Nicolas Courjal semble être abonné aux rôles de diables. Après Méphisto dans La Damnation de Faust de Berlioz à Strasbourg (et en CD), il affine le caractère maléfique dans un contraste saisissant entre l’ombre et la lumière, aussi bien dans sa manière de chanter que dans son jeu d’acteur. Il met en avant le très large éventail de sa force dramaturgique pour ravir le spectateur et domine ainsi la scène. Erin Morlay est une Princesse de Sicile émouvante, extrêmement à l’aise dans la sphère de la colorature, mais aussi dans le médian où elle excelle pour le récit chanté. Nico Darmanin, alias Rimbaut, a la difficile tâche d’ouvrir l’histoire avec un air déjà chargé. C’est bien compréhensible s’il est quelque peu tendu au début malgré une lancée assez réussie, mais il reprend sa forme au cours de la représentation. Dommage que son personnage n’apparaisse que ponctuellement.

La mise en espace comme une mise en scène
Les mouvements des chanteurs réglés par Luc Birraux s’approchent de ceux d’une mise en scène et font souvent oublier qu’il ne s’agit que d’une mise en espace. En effet, les déplacements des chanteurs sur le devant de la scène ainsi que sur les allées et au balcon dans la salle sont bien éloquents pour l’évocation de tels ou tels sentiments et de telle ou telle scène. Au point que la tablette que tient John Osborn donne une impression assez étrange… Et c’est précisément à ce moment-là qu’on se rend compte à nouveau que c’est une version de concert ! Les didascalies et commentaires (très personnels… de qui ?), affichés sur le mur au fond de la scène (1re et 3e parties) et sur l’écran rectangulaire suspendu prévu habituellement pour le livret (2e partie) sont efficaces à un certain point de vue -pour ceux qui ne connaissent pas le grand opéra, ou pour ceux qui ne sont pas encore familiers au genre d’opéra tout court, cela peut leur permettre de se l'approprier plus facilement, d’autant que les commentaires sont souvent amusants et piquants. Les textes font « passer le temps » aussi. Mais d’un autre côté, cela disperse l’attention et on ne peut pas apprécier pleinement la musique (car justement, le temps passe en les lisant !), ce qui est fort dommage.

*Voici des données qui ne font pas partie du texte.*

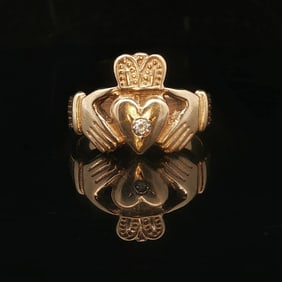 14k Yellow Gold and 0.07ct Diamond Solid Claddagh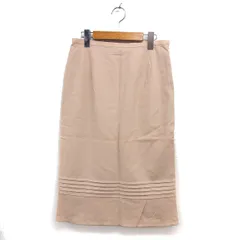 マダムジョコンダ MADAM JOCONDE ウール ナロー スカート ロング スリット サイドジップ 無地 69-96 ベージュ /NT9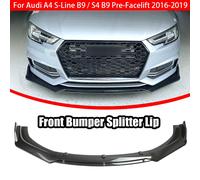 FOR AUDI A4 S-LINE B9 S4 2015-2019 FRONT BUMPER SPOILER LIP DIFFUSER CARBON BLK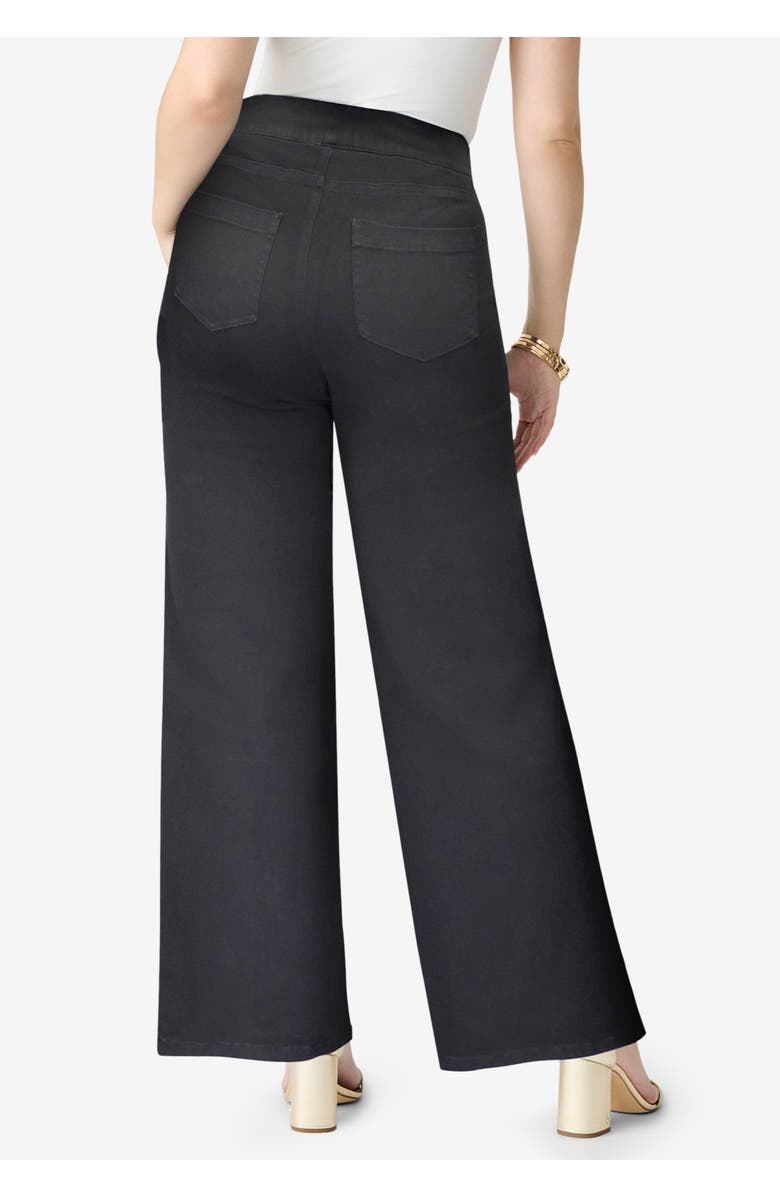 Roaman's Plus Size 360° Stretch Wide Leg Jean, Alternate, color, Black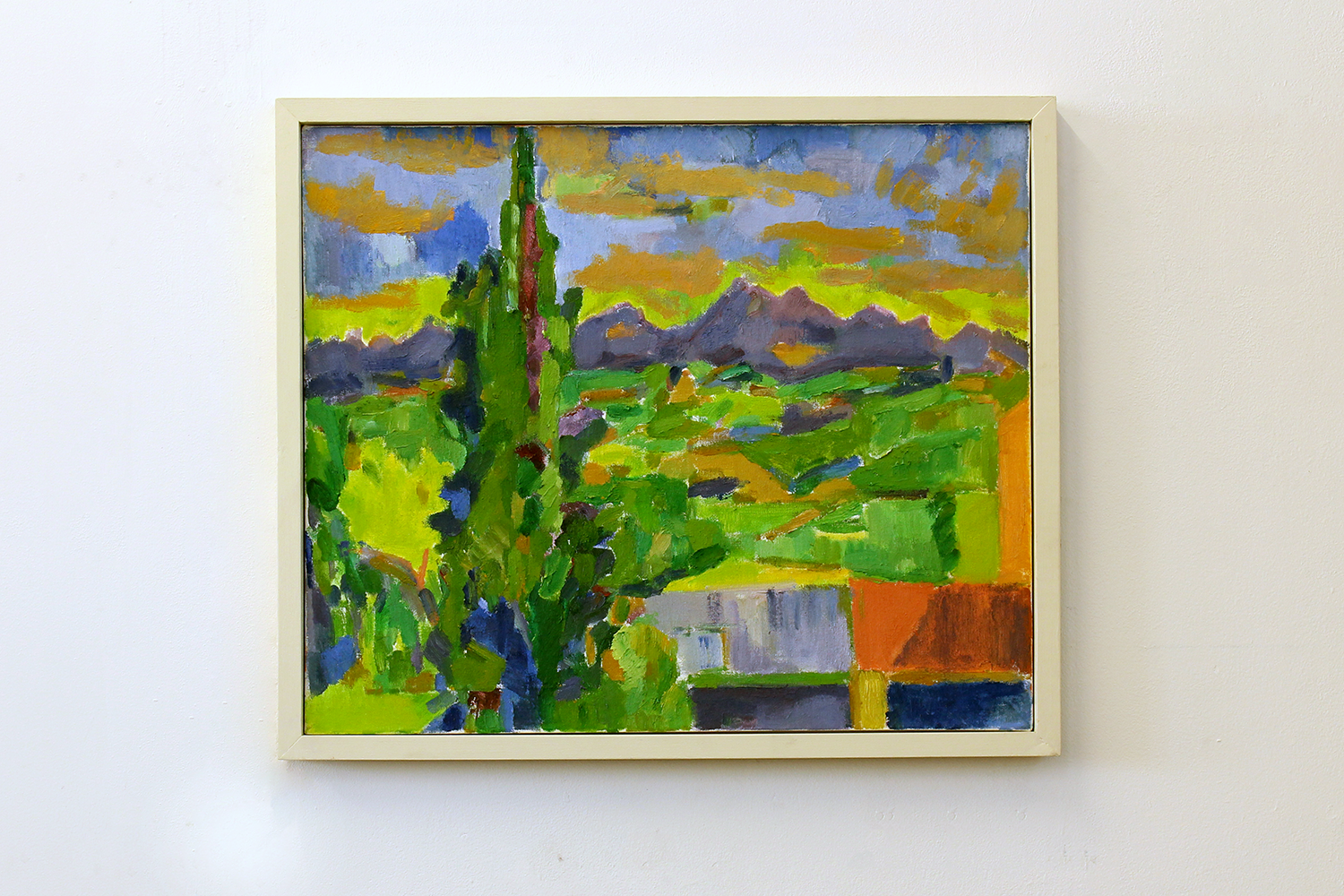Barns and Cypress Tree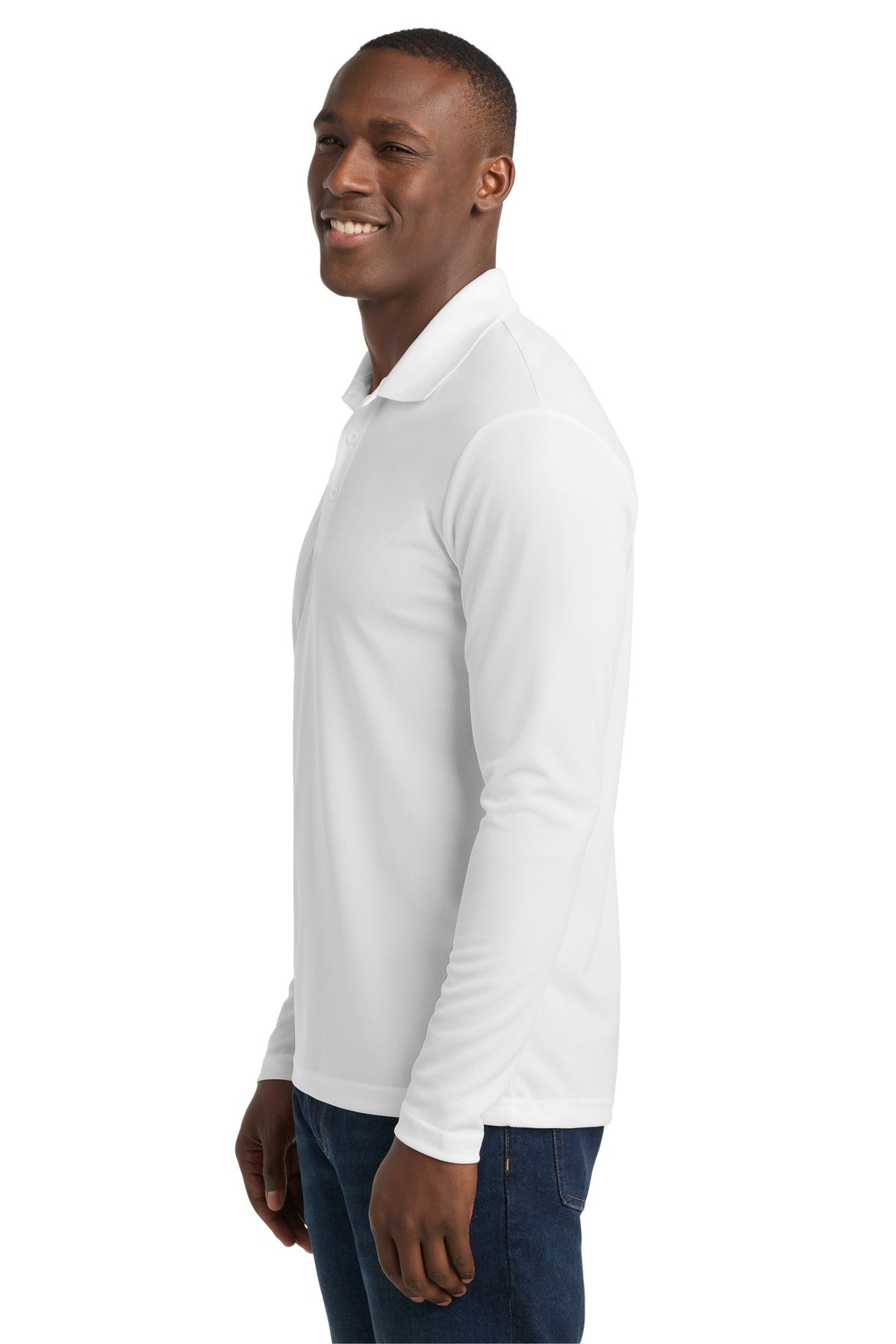 Sport-Tek PosiCharge RacerMesh Long Sleeve Polo. ST640LS - White - side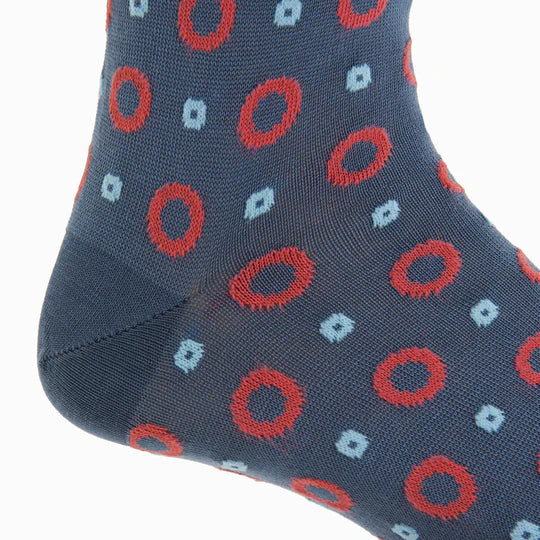 Indigo Blue w/ Coral/Blue Lifesaver Socks - Mid Calf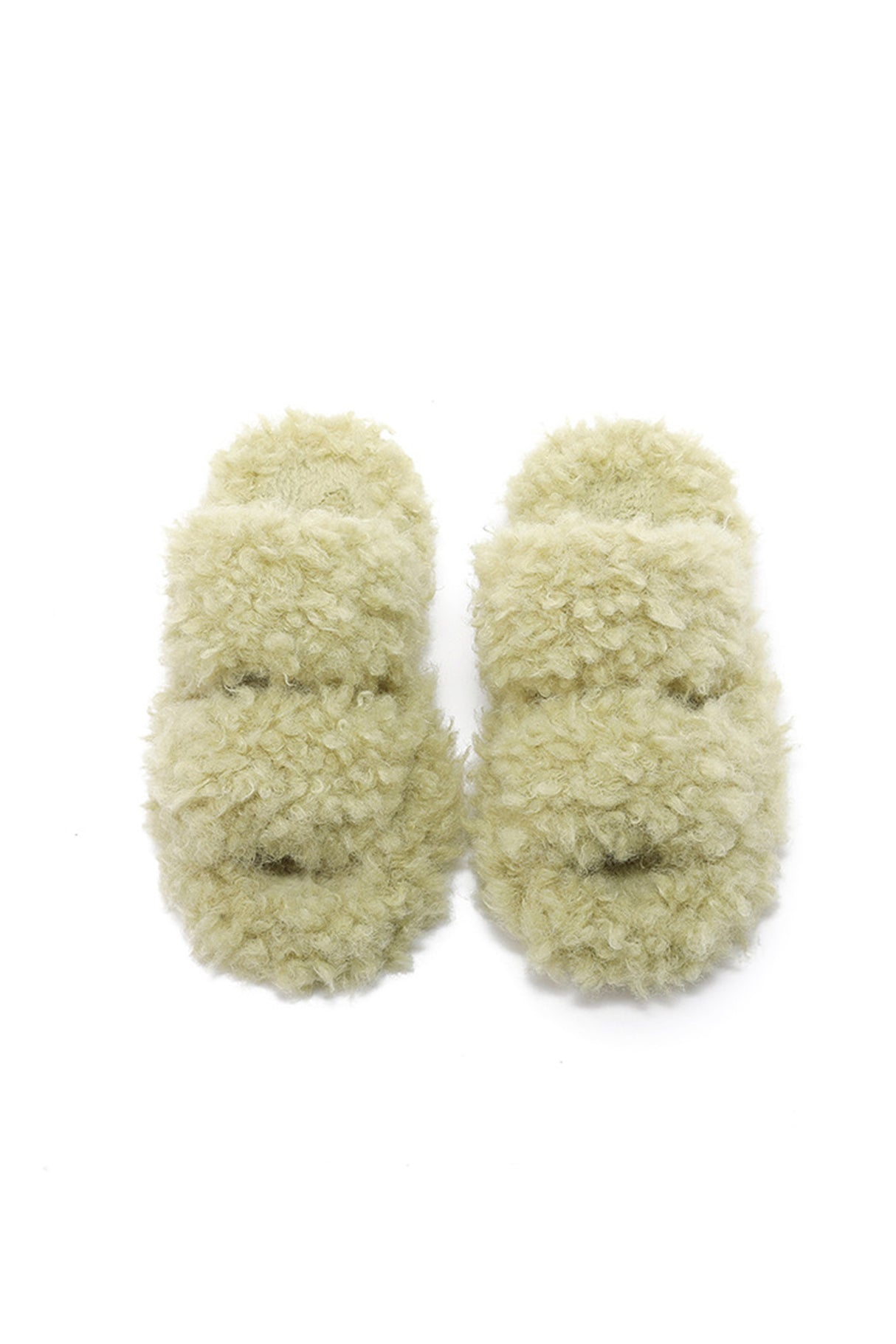 Solid Color Open Toe Home Fuzzy Slippers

Cette production entrainante à l’image du protagoniste, fait l’objet d’un enregistrement en direct pour la collection « Opéra français » du Palazzetto Bru Zane. Pourvu que le beau Livre-CD fasse connaître largement la force dramatique et musicale de ce grand opéra qui, pour de nombreux compositeurs du XIXe siècle, était un modèle en la matière.